#### [Exercise data]
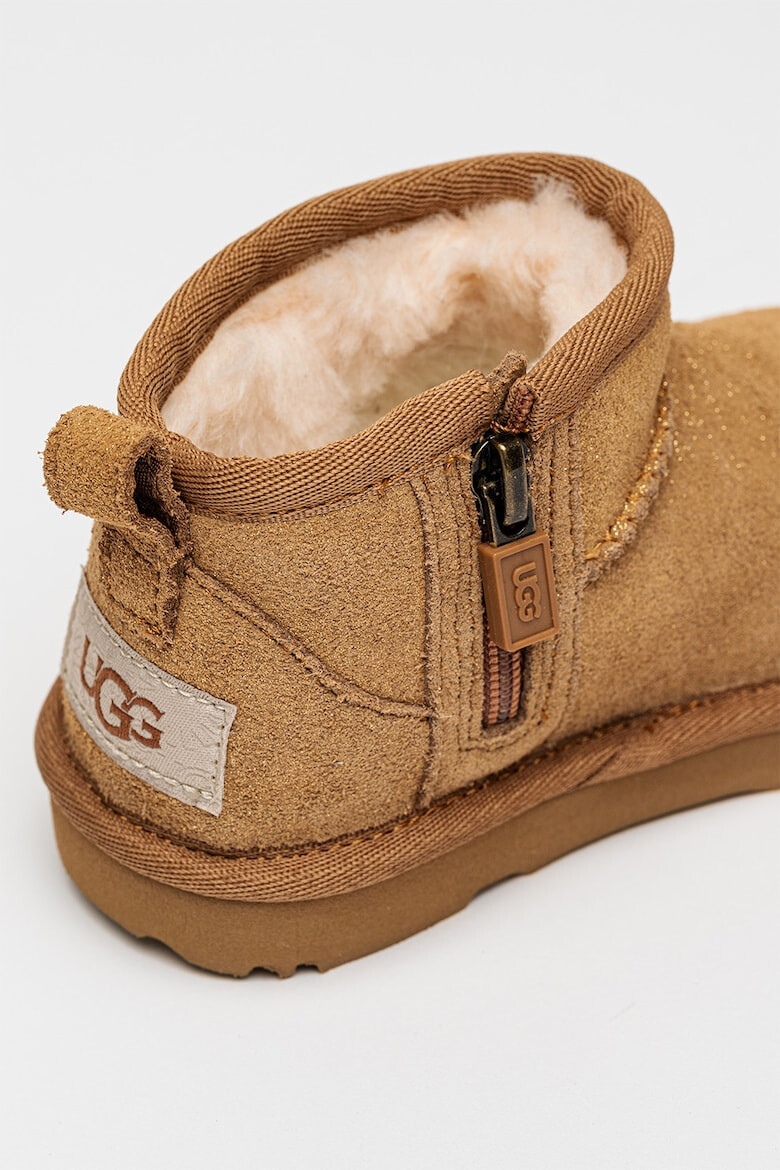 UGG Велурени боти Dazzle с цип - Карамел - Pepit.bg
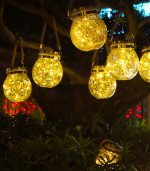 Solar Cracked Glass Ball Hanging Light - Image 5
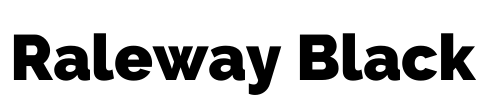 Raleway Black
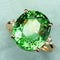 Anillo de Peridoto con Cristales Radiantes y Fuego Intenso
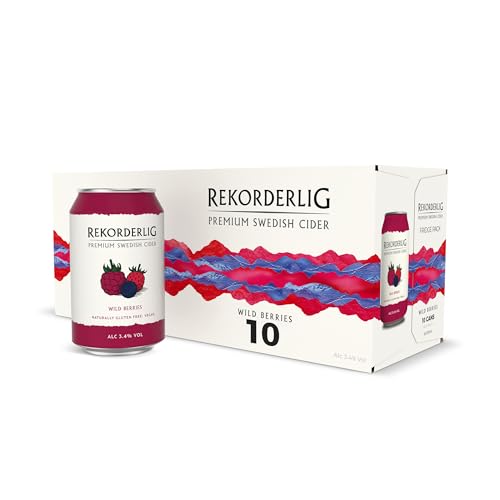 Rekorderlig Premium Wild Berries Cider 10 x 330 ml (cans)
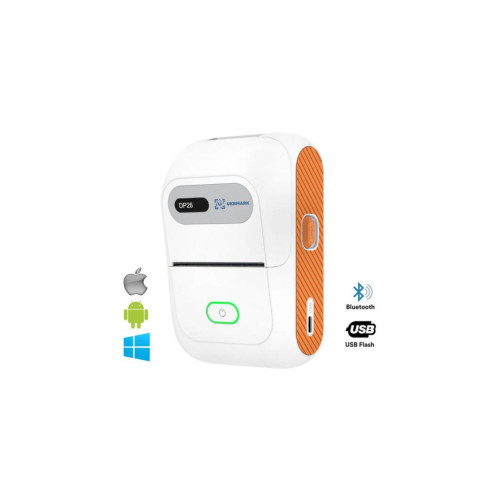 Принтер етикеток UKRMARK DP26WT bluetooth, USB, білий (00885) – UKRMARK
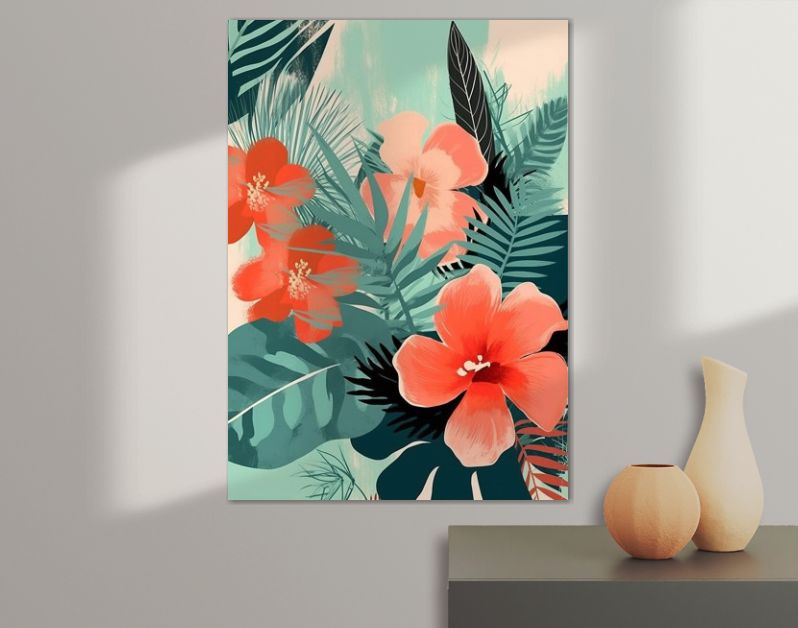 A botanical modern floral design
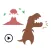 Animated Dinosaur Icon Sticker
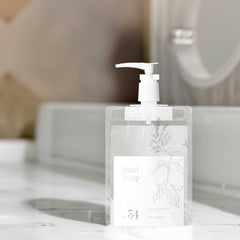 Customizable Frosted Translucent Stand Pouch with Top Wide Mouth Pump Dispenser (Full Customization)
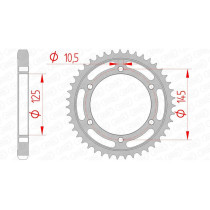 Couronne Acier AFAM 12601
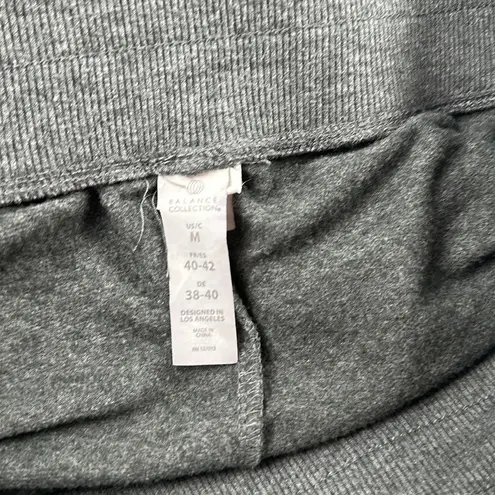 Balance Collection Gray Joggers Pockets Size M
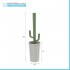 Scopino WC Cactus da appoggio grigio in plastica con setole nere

--

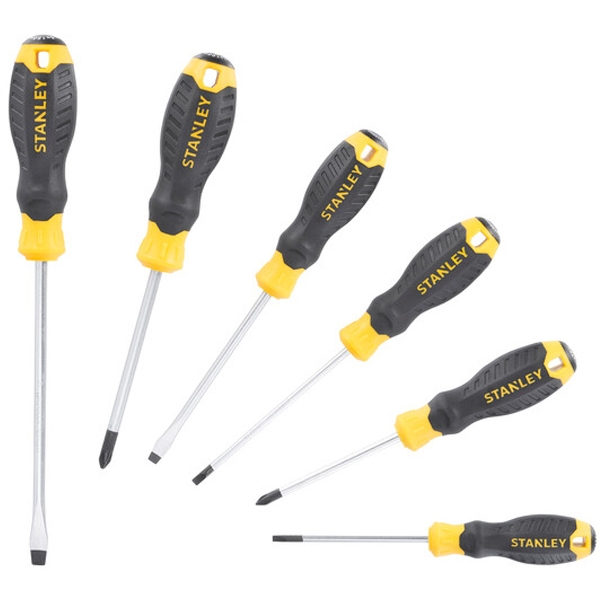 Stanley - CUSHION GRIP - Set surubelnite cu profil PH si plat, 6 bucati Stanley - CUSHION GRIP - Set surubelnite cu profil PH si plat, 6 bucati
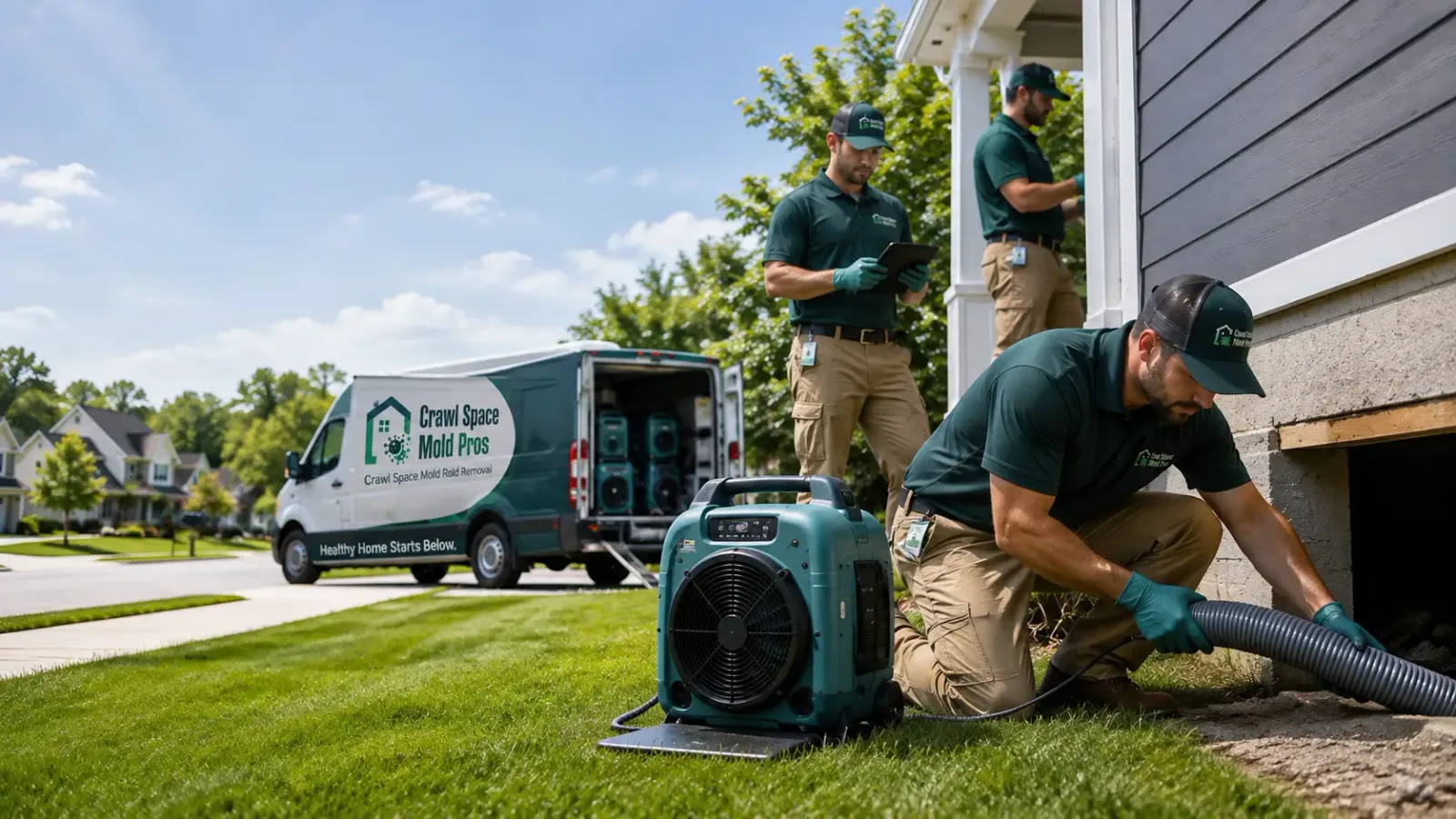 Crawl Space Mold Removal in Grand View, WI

#### [How to complete this task]
In the material above, which lines fall between the one holding "Animated Dinosaur Icon Sticker" and the one holding "Scopino WC Cactus", inclusive? Print exactly those, with the pictures left out.

#### [Answer to the exercise]
 Animated Dinosaur Icon Sticker
 Customizable Frosted Translucent Stand Pouch with Top Wide Mouth Pump Dispenser (Full Customization)
 Couronne Acier AFAM 12601
 Balance Collection Gray Joggers Pockets Size M
 Scopino WC Cactus da appoggio grigio in plastica con setole nere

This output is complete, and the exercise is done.